__TASK INSTRUCTIONS__.
Transcribe word for word the section of the records below that opens with the line containing "The KS-1 is" and closes with the line containing "Just been to"; drop every picture.

__RAW DATA__.
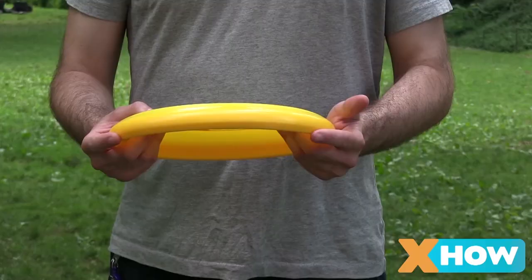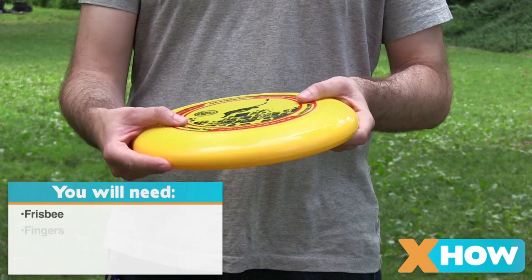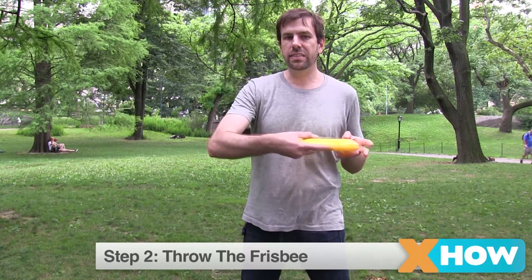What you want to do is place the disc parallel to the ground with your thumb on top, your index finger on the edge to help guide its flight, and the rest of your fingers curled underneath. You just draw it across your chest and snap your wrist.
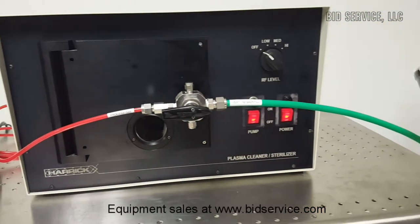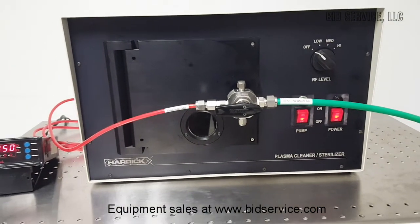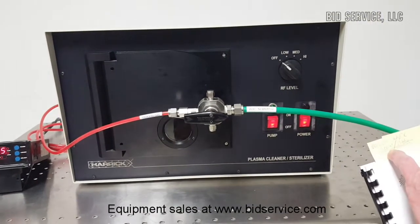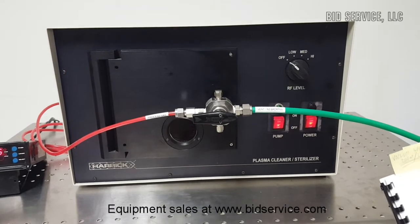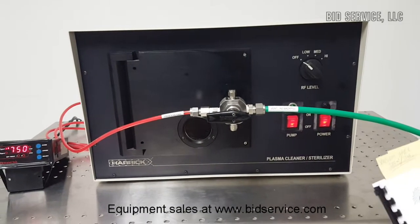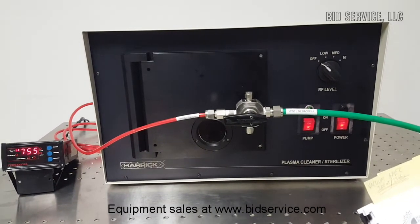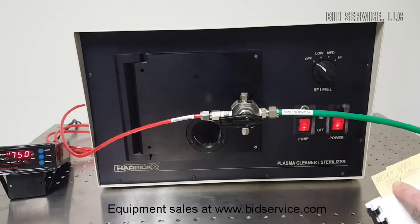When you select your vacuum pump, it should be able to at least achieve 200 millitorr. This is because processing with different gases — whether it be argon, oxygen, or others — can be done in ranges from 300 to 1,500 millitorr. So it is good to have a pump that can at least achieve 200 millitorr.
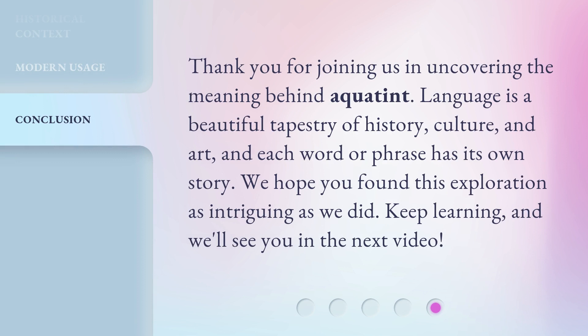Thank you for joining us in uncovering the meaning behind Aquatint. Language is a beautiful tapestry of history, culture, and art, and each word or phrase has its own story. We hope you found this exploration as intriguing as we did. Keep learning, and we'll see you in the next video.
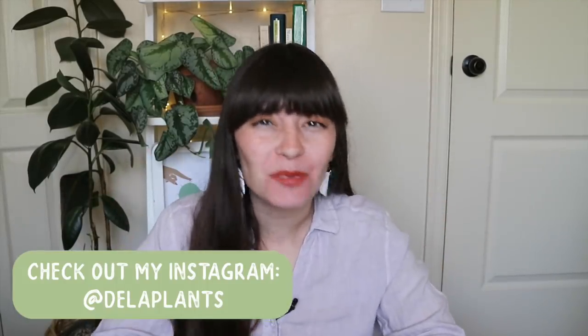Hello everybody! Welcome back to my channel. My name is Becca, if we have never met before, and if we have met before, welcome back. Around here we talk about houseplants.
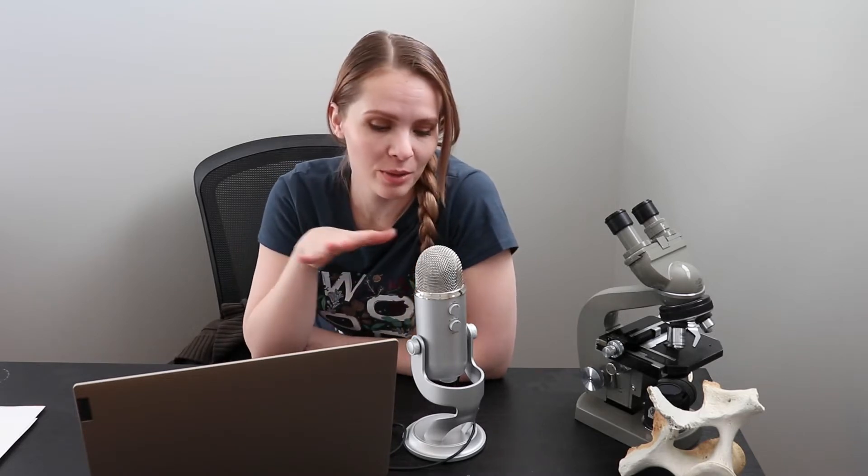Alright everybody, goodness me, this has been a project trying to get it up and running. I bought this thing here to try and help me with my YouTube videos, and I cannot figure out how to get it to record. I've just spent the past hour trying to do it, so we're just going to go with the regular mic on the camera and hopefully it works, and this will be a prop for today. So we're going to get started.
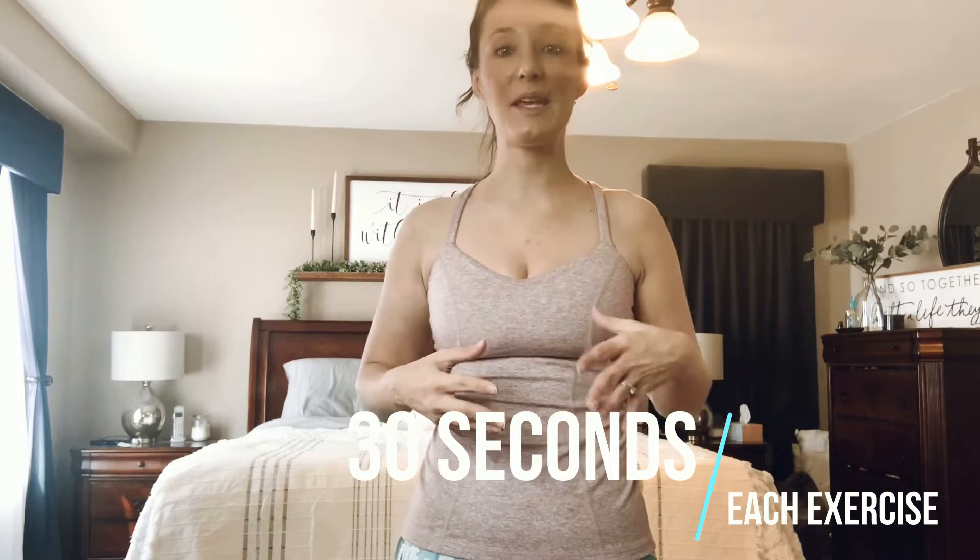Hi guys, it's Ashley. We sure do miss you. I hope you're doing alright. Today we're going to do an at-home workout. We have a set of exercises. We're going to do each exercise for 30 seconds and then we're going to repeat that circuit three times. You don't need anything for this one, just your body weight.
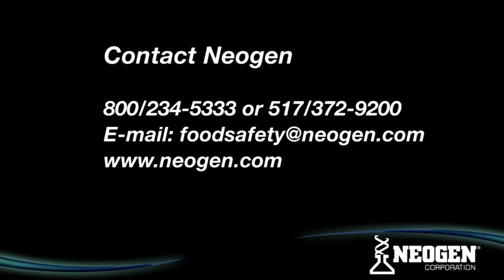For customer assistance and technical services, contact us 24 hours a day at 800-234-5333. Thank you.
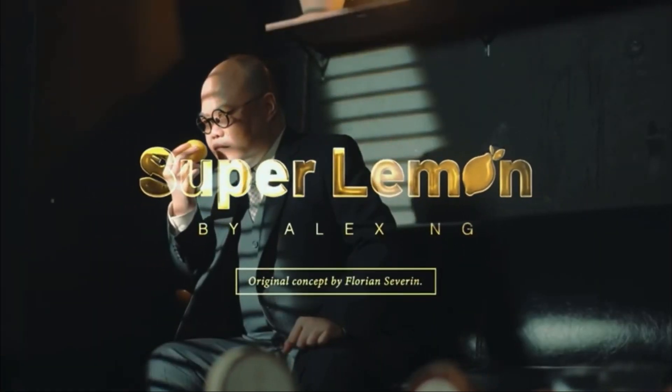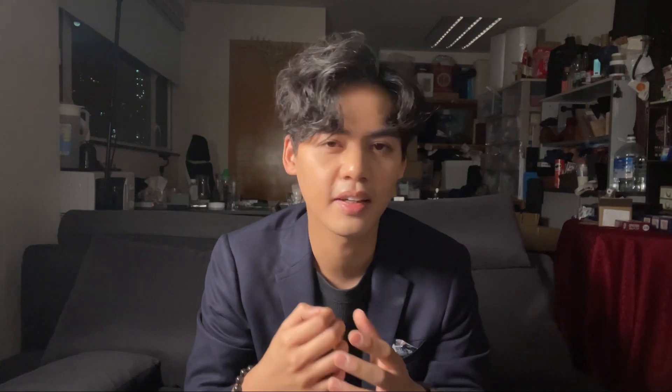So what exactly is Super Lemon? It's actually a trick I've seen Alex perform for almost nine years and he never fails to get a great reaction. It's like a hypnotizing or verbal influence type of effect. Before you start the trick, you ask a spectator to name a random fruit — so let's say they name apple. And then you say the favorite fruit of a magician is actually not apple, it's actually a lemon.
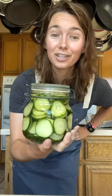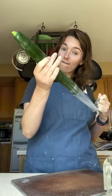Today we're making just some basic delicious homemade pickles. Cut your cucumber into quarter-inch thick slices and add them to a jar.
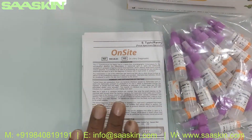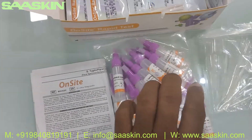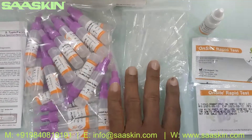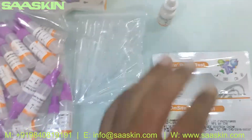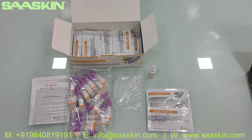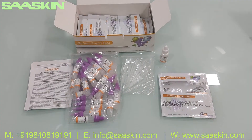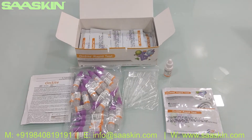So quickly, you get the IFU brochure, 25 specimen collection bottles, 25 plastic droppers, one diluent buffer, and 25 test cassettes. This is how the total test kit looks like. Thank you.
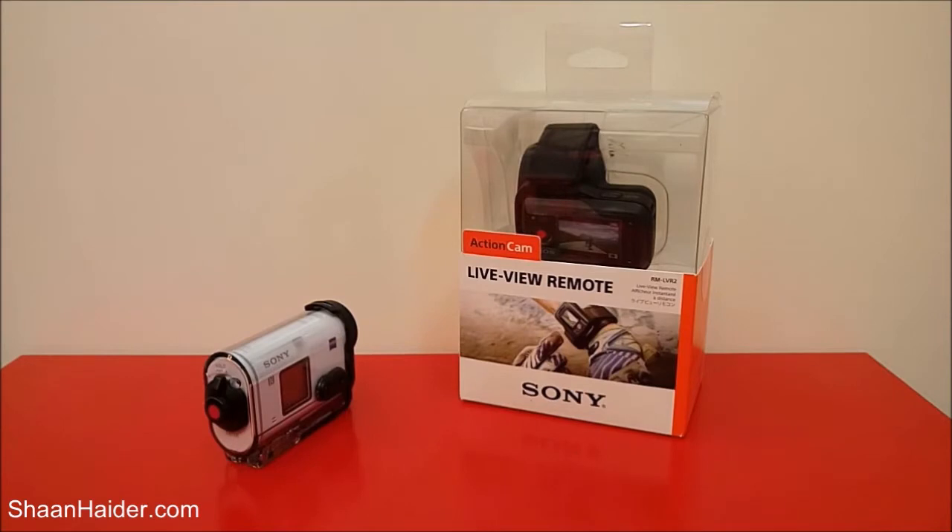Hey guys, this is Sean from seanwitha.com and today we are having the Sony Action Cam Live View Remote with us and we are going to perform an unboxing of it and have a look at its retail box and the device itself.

* * *

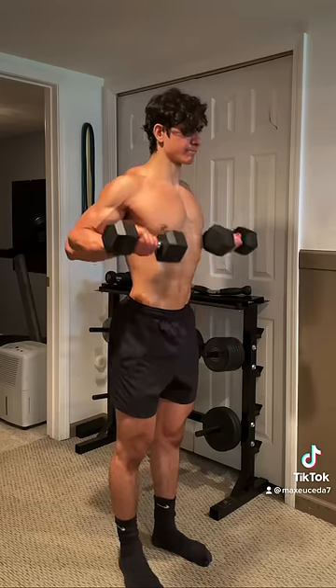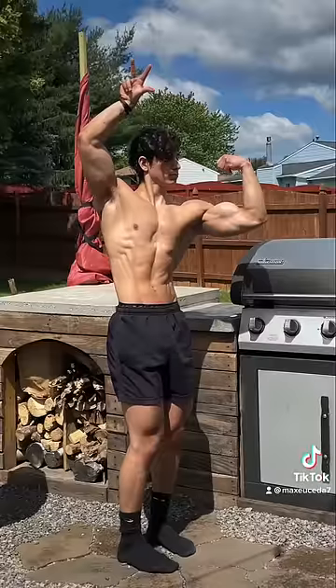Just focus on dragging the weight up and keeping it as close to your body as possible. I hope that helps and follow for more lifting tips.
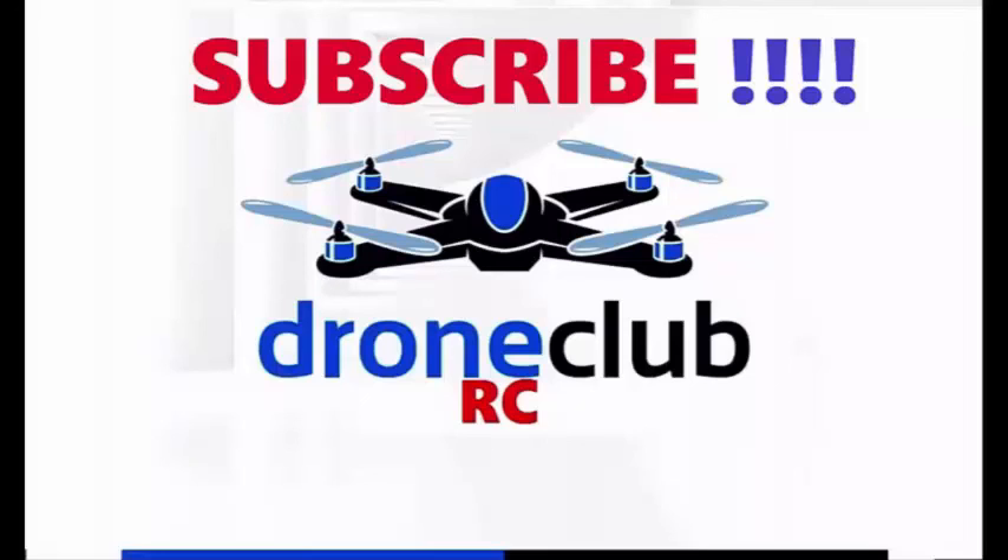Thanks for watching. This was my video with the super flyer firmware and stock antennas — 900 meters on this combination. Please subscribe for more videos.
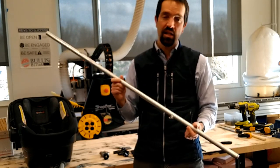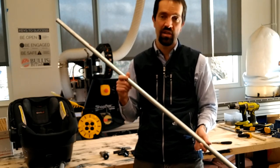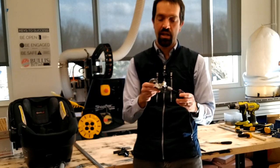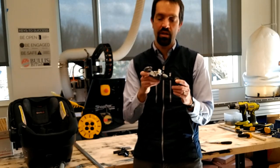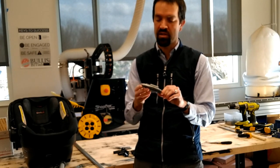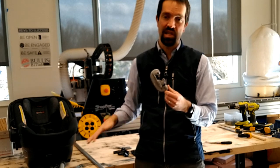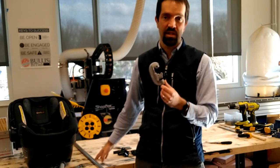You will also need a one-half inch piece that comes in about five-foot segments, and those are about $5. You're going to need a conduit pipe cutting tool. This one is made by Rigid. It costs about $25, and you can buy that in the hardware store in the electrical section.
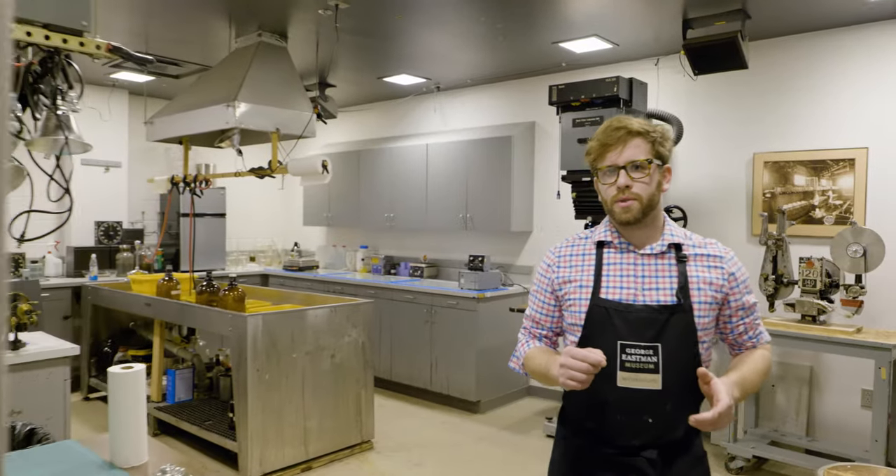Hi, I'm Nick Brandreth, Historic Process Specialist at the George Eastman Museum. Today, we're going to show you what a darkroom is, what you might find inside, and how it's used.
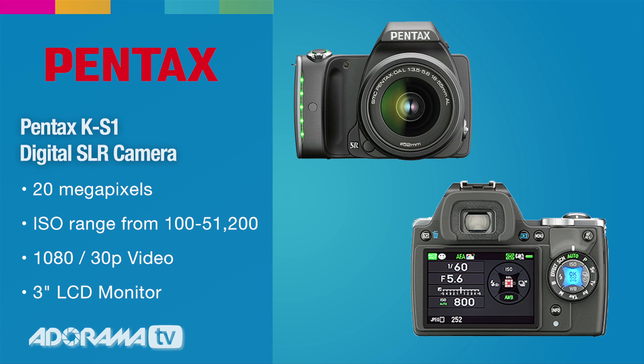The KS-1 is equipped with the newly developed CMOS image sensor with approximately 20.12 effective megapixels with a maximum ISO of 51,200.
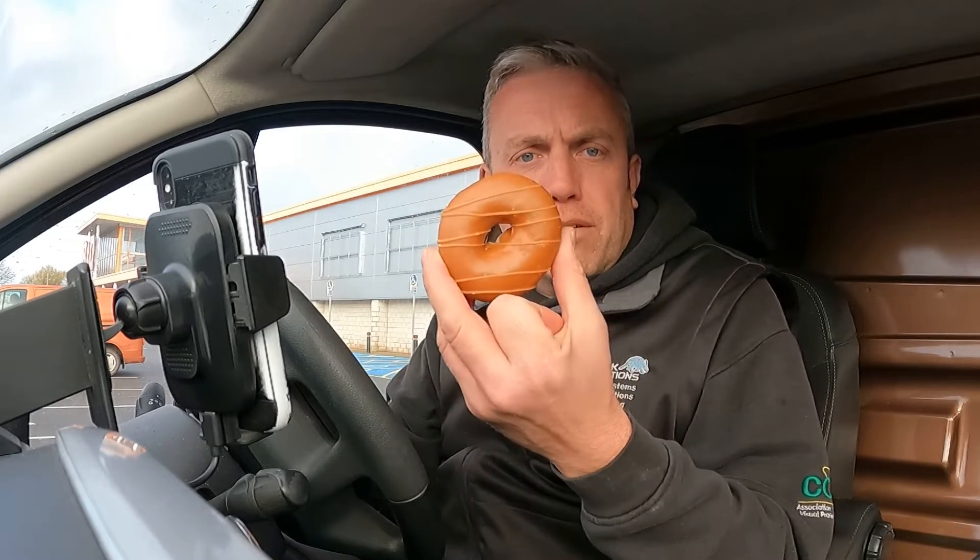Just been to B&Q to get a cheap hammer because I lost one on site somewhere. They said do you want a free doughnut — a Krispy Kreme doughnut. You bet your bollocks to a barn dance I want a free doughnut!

==

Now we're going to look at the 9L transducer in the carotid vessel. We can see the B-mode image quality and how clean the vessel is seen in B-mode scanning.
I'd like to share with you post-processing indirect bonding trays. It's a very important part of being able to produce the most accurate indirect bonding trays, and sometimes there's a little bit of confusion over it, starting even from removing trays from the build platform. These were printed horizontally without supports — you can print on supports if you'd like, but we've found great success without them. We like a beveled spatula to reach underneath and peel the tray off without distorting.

__ANSWER TO THIS EXERCISE__.
The KS-1 is equipped with the newly developed CMOS image sensor with approximately 20.12 effective megapixels with a maximum ISO of 51,200.
Just been to B&Q to get a cheap hammer because I lost one on site somewhere. They said do you want a free doughnut — a Krispy Kreme doughnut. You bet your bollocks to a barn dance I want a free doughnut!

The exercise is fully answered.